◆ **ACTIVITY**
Only the lines below starting at the one that contains "156 Pinetree Ct, Howell" and ending at the one that contains "LAPTOP LENOVO IDEAPAD" are to be reproduced, exactly and with both ends kept.

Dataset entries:
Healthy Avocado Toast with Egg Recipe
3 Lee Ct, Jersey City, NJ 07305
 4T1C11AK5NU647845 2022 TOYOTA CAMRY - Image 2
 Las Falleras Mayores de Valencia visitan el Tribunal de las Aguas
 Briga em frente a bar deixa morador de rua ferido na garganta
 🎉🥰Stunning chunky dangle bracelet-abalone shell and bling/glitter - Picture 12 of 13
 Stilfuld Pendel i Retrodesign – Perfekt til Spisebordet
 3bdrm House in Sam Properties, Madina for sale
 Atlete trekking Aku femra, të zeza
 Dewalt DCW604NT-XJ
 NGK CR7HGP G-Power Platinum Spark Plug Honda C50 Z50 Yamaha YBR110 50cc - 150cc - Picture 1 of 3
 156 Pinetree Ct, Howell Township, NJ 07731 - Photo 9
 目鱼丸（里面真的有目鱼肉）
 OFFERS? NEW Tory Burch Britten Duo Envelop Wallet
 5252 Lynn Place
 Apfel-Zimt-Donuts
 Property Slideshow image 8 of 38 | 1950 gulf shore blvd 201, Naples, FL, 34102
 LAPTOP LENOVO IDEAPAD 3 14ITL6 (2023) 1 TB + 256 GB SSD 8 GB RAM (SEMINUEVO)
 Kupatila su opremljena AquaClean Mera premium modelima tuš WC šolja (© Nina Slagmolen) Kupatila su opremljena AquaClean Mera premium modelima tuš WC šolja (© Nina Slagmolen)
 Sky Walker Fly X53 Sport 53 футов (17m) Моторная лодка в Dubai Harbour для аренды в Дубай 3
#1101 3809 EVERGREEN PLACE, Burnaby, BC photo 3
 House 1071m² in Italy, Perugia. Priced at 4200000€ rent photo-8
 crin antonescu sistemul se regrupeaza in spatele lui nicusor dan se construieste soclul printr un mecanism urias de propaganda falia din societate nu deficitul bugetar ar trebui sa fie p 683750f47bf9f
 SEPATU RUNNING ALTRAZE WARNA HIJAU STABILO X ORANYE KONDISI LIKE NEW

◆ **ANSWER AREA**
 156 Pinetree Ct, Howell Township, NJ 07731 - Photo 9
 目鱼丸（里面真的有目鱼肉）
 OFFERS? NEW Tory Burch Britten Duo Envelop Wallet
 5252 Lynn Place
 Apfel-Zimt-Donuts
 Property Slideshow image 8 of 38 | 1950 gulf shore blvd 201, Naples, FL, 34102
 LAPTOP LENOVO IDEAPAD 3 14ITL6 (2023) 1 TB + 256 GB SSD 8 GB RAM (SEMINUEVO)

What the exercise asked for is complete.